No substantial evidence was produced by relator nor are there any facts found in the record of the state proceedings which tend to show that the ten-month delay prejudiced relator in the conduct of his defense at the trial. During that period he had the successive services of three lawyers, the last appointed by the court, and no suggestion of prejudice on account of the delay was made on relator's behalf. Indeed, the relator himself requested and was granted a short delay in order to enable him to prepare for trial and subpoena his witnesses.
Thus we conclude that there was no failure to accord to relator due process of law in violation of the Fourteenth Amendment to the Federal Constitution solely because of the ten-month delay between arrest and trial.
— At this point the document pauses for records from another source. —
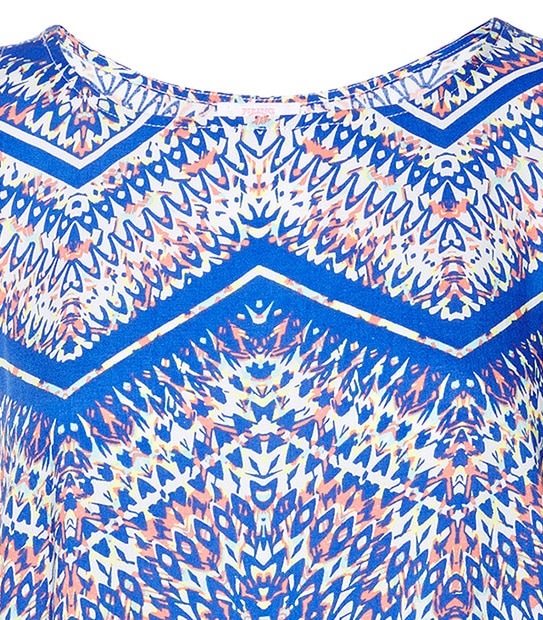 Piping Hot Crochet Tank - Geo Tribal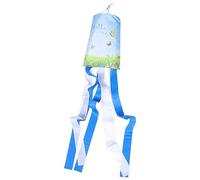 Homoyoyo Outdoor Sock Decoration Windsock Flags for Outdoors and Parade Polyester Material with Fresh Pattern Design Reusable Windsock Decoration That Flies in The Wind Charming Pattern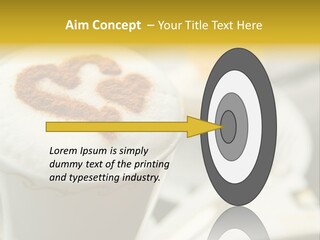Wake Froth Brown PowerPoint Template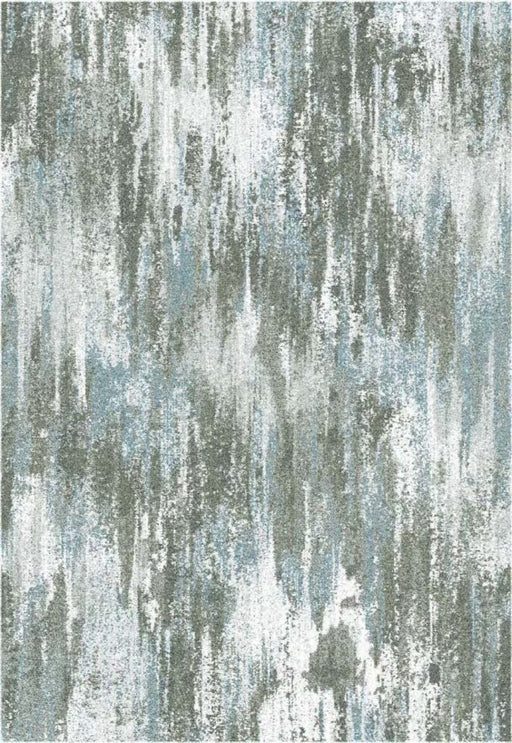 7'x10' Power-Loomed Modern Abstract Style Grey/Blue Rug – KB Rugs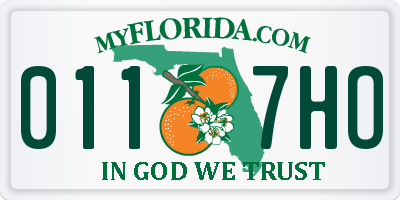 FL license plate 0117HO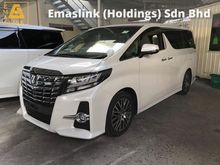 2016 Toyota Alphard 2.5 SC SUNROOF MOONROOF JBL SOUND SYSTEM POWER BOOT 360 SURROUND CAMERA 2 POWER DOOR FREE WARRANTY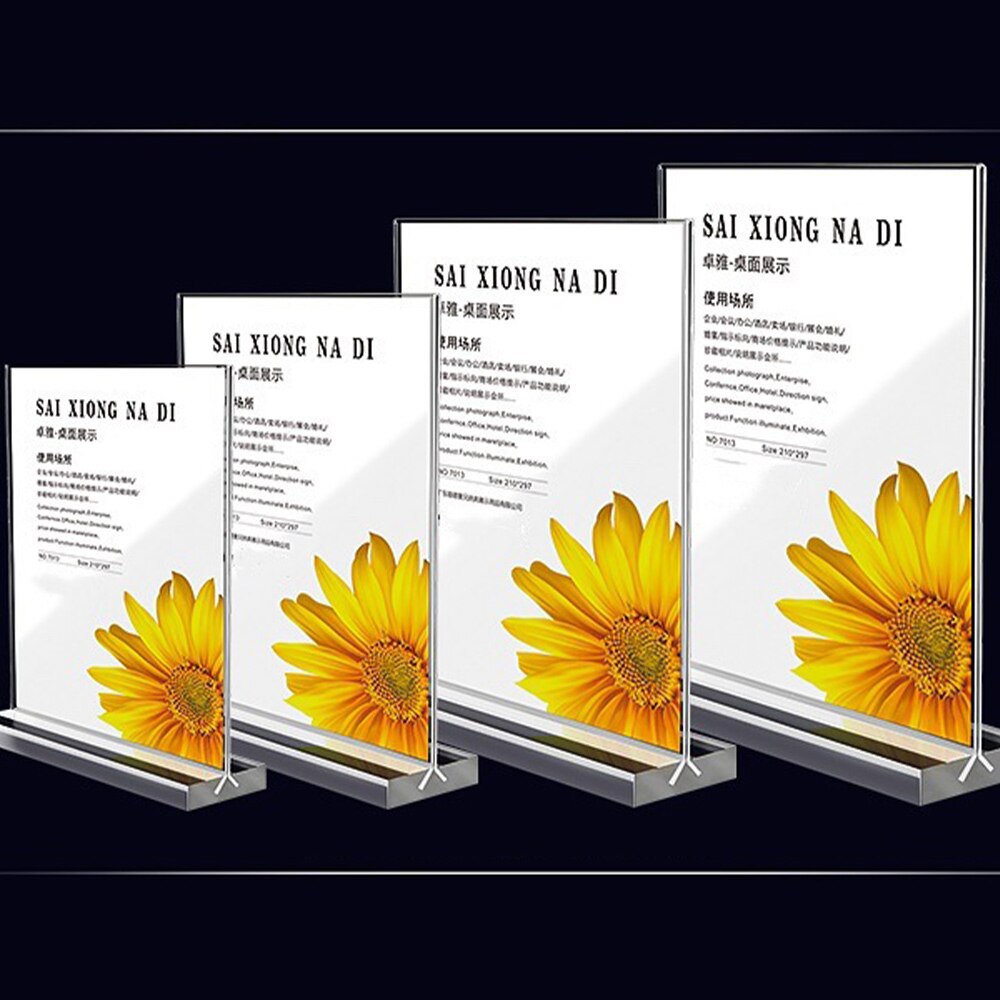 6 PCS College Office DISPLAY STAND Acrylic Plastic Leaflet Display Holder A6 Stands Counter INFORMATION POSTER Perspex Business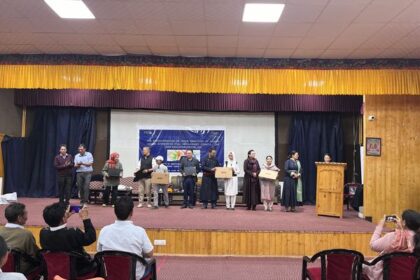 PRESS RELEASE Laptops distributed to Meritorious Students under LAHDC subsidy scheme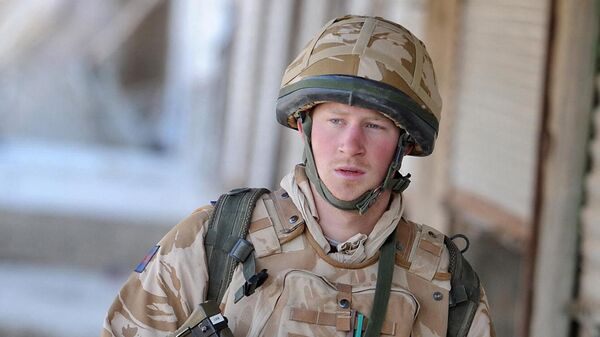 El príncipe Harry durante su servicio militar en Afganistán en 2008 (archivo) - Sputnik Mundo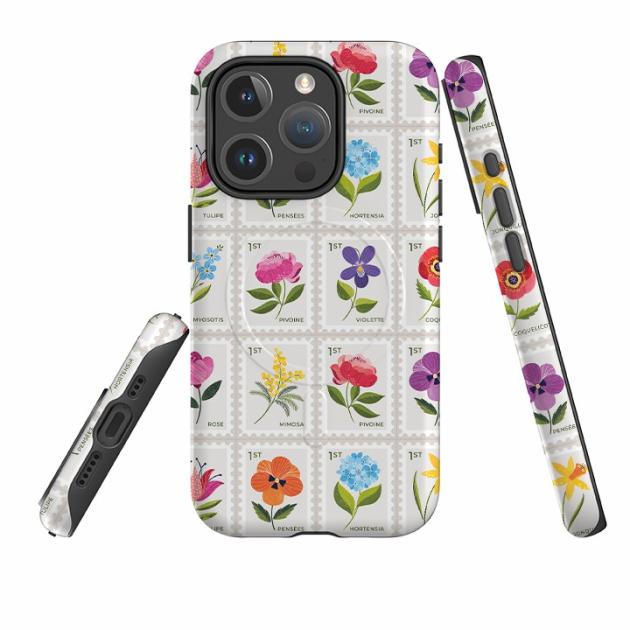 Iphone Magsafe Tough Case – Floral Postage Stamps By Ali Brookes Iphone Cases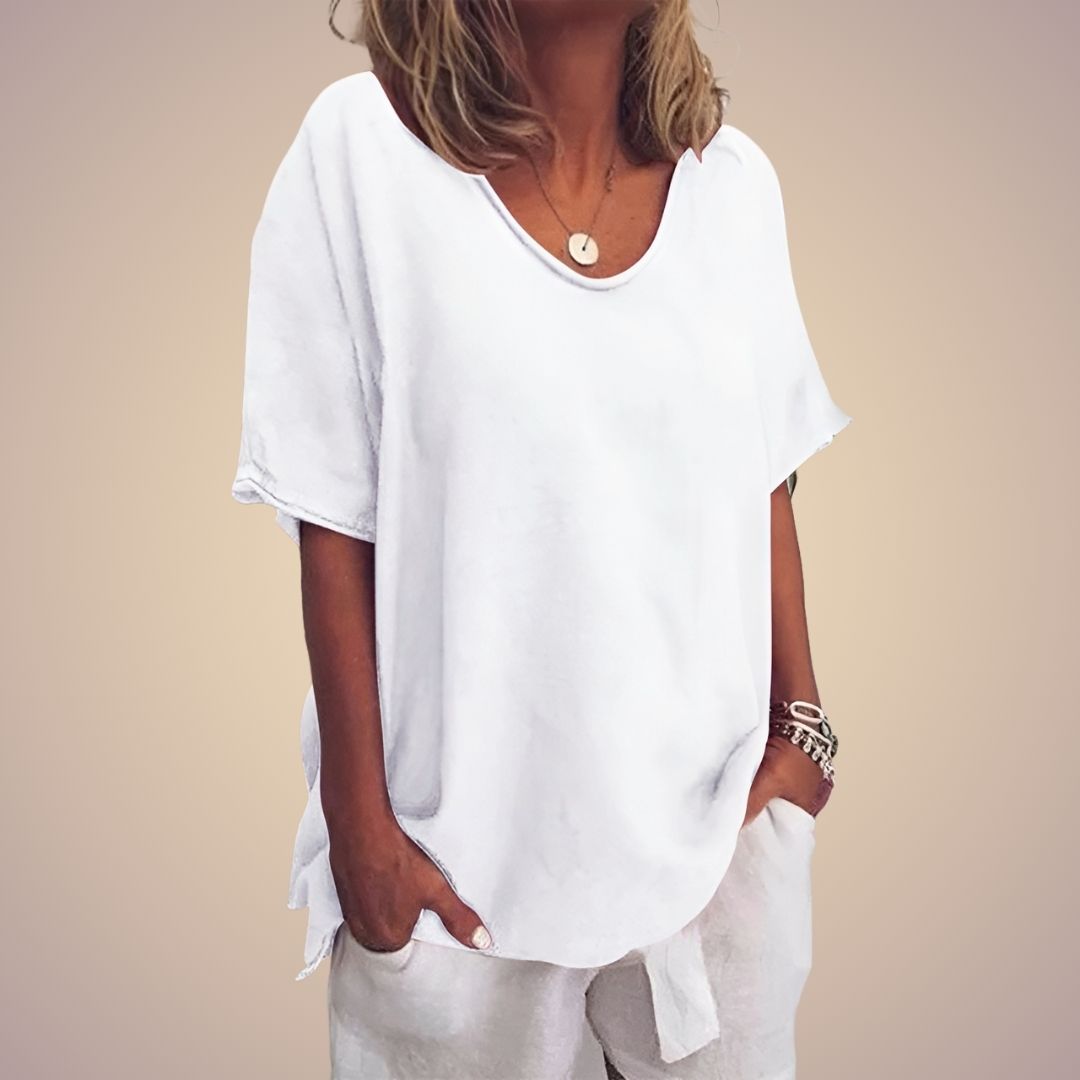 Xanthe - Comfortable Relaxed Fit Summer Blouse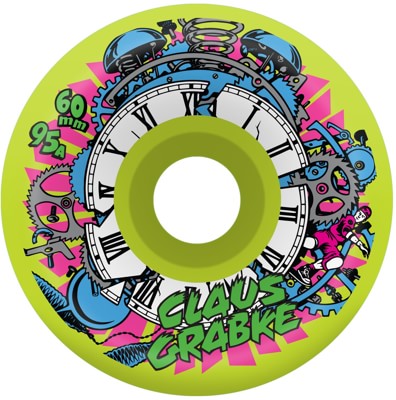 Slime Balls Grabke Reissue Vomits Skateboard Wheels - neon green (95a) - view large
The relator should be advised that "the District Court may not, on a petition for habeas corpus, usurp the function of the state jury by determining, de novo, the innocence or guilt of a prisoner convicted under state process." United States ex rel. Helwig v. Maroney, supra, 271 F.2d at page 332.
We take this opportunity to express our appreciation to W. Walter Braham, Esq. for his diligence and for the considerable expenditure of time and effort on behalf of relator pursuant to his appointment, and to District Attorney Grannis for his illuminating and timesaving brief.
An order denying the issuance of a writ of habeas corpus will be entered.